▶ [How to complete this task] Restate, word for word and with no pictures, the stretch of lines in the data below that begins at the line with "Póster de Retiro Limpio" and ends at the line with "自贸港的三亚回响：三亚红色娘子军演艺公园的文化新叙事", inclusive.

▶ [Dataset content]
---

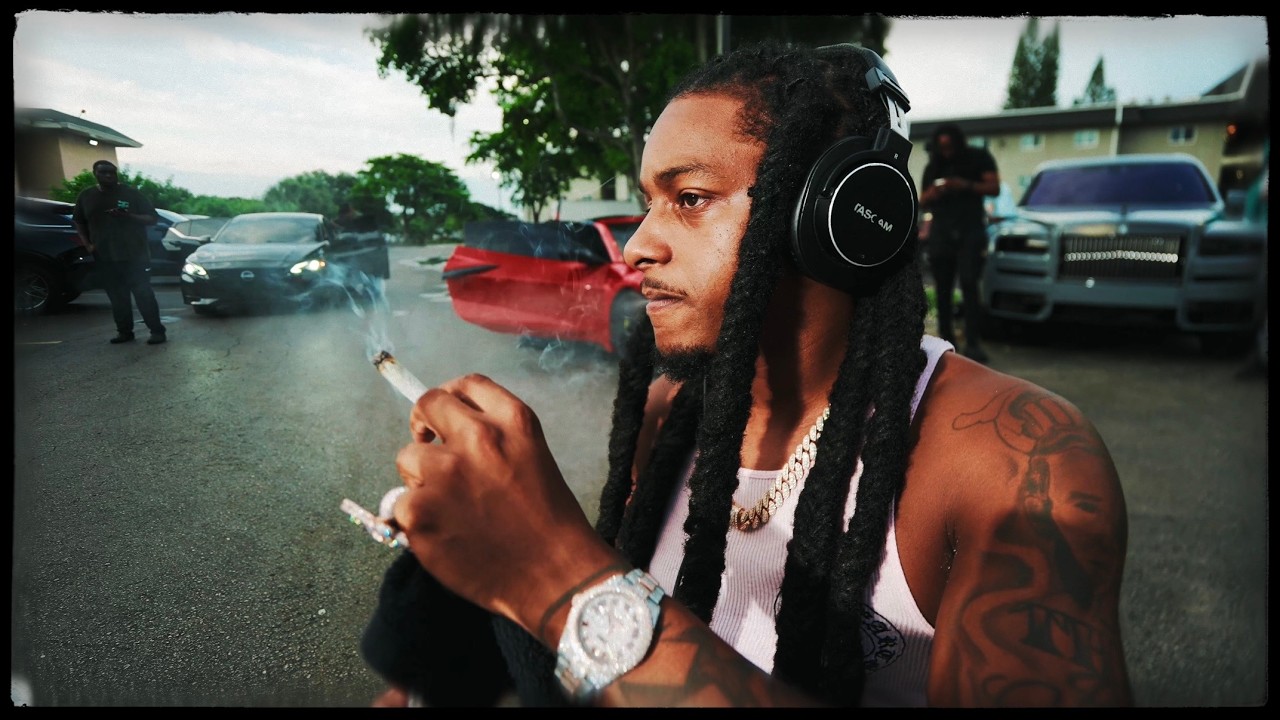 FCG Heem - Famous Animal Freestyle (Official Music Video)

---

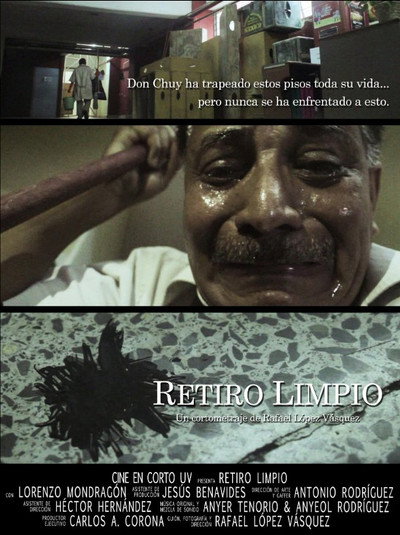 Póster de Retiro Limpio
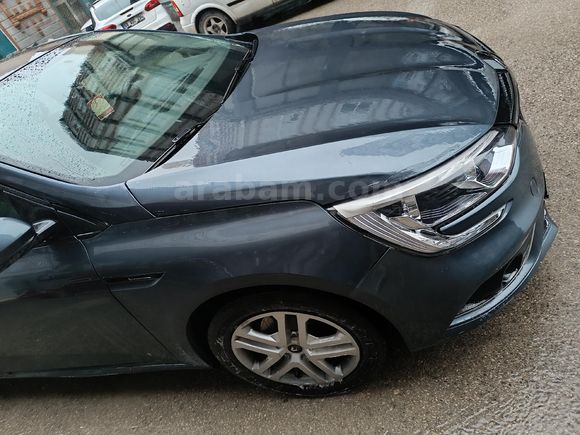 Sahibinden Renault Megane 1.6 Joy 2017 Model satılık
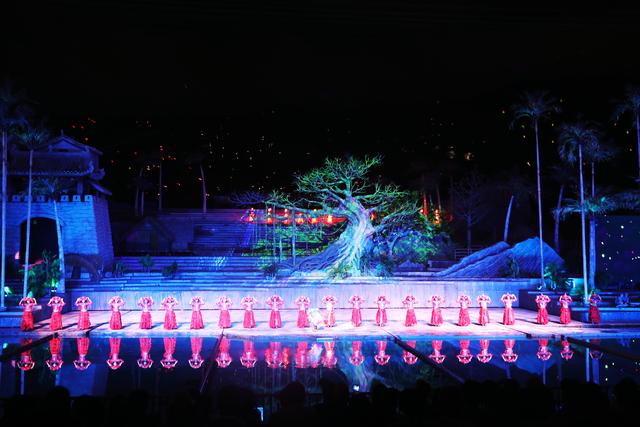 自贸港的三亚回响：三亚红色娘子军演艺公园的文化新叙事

---

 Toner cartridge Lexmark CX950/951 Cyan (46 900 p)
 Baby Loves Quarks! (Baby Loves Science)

---

▶ [Your response]
 Póster de Retiro Limpio
 Sahibinden Renault Megane 1.6 Joy 2017 Model satılık
 自贸港的三亚回响：三亚红色娘子军演艺公园的文化新叙事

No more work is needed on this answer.